# Swift Kontiki 665P! Locker space & water in the window s



## KontikiChris (Nov 26, 2010)

Can anyone give me advice, please?
I have a 2007 Swift Kontiki 665P, & today, I discovered a space under the floor in the rear off-side locker. It looks similar to the battery compartment in the front near-side locker! Is it another battery compartment, & if so would it mean having to put in additional wiring, or is the wiring already there??
I also noticed a while ago that one of my habitation windows has some condensation in between the plastic panels. Today, I noticed that it now has quite a bit of water in between them. Does anyone know how to get this out, & how to prevent it happening again?
Many thanks in anticipation.
Chris


----------



## bognormike (May 10, 2005)

Chris

I've moved this to Swift, as it relates to the conversion rather than the base vehicle.

About the windows, there should be a little plastic plug in one corner, you can take that out & allow it to ventilate to clear. Well I saw that somewhere on here, but haven't done it myself.  
maybe somebody else who has actually had the problem will come along.....


----------



## JohnsCrossMotorHomes (Jul 21, 2007)

Hi, 
I would advice against fitting a second battery in that compartment if the first battery is more that 2.5 meters (3 meters at a push) of cabling away due to voltage drop. I will be unlikey that there is cabling already running to it.

In relation to the window, you will never get rid of the condensation completely once its been there. In order for there to be moisture there must be a hole or crack it is getting in through. I would take the window off and try to find the that crack/hole, drain out the water, leave it a warm enviroment to try and draw out the last of the water then seal it up.

Hope this helps

Ian 
workshop


----------



## TickTok (Aug 27, 2010)

bognormike said:


> Chris
> 
> About the windows, there should be a little plastic plug in one corner, you can take that out & allow it to ventilate to clear.
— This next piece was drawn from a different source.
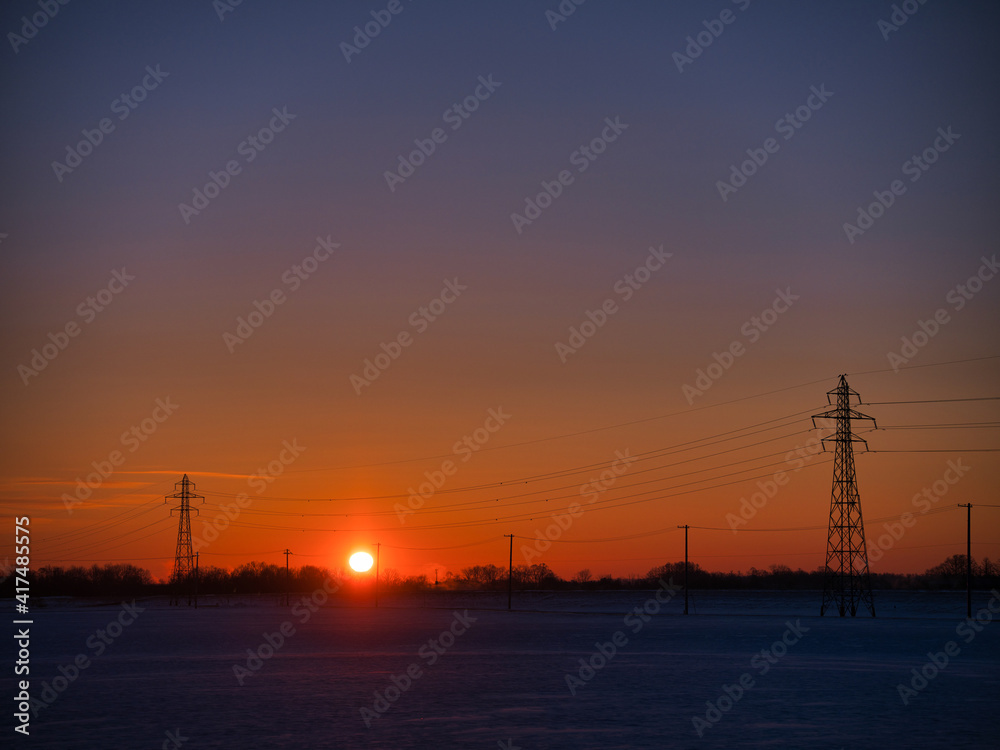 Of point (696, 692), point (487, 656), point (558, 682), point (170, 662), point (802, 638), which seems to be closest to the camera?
point (696, 692)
Well I saw that somewhere on here, but haven't done it myself.
> 
> As Bognormike says there should be a plastic plug in on bottom corner that you can remove, or as it was in my case the plug was missing thus letting the moisture in I just let it dry out and filled the small hole with silicone and have no trouble since.


----------



## KontikiChris (Nov 26, 2010)

JohnsCrossMotorHomes said:


> there must be a hole or crack it is getting in through. I would take the window off and try to find the that crack/hole, drain out the water, leave it a warm enviroment to try and draw out the last of the water then seal it up.
> 
> Hope this helps
> 
> ...


Thanks Ian,
I did have a good look at the window & couldn't see any crack or hole in it. As you say there must be one! I think it must be getting in right at the top somewhere along the hinge. 
I couldn't see how to remove the window? Any advice?
As a short term temporary solution, I thought about drilling a small hole right in the bottom, drying it out & then filling the hole with silicon. What do you think?
Chris


----------



## Mrplodd (Mar 4, 2008)

Undo all the catch's and stays, lift the window up so it is parellel with the ground and then slide it backwards or forwards. Its held in a "C" moulding the same as an awning rail !!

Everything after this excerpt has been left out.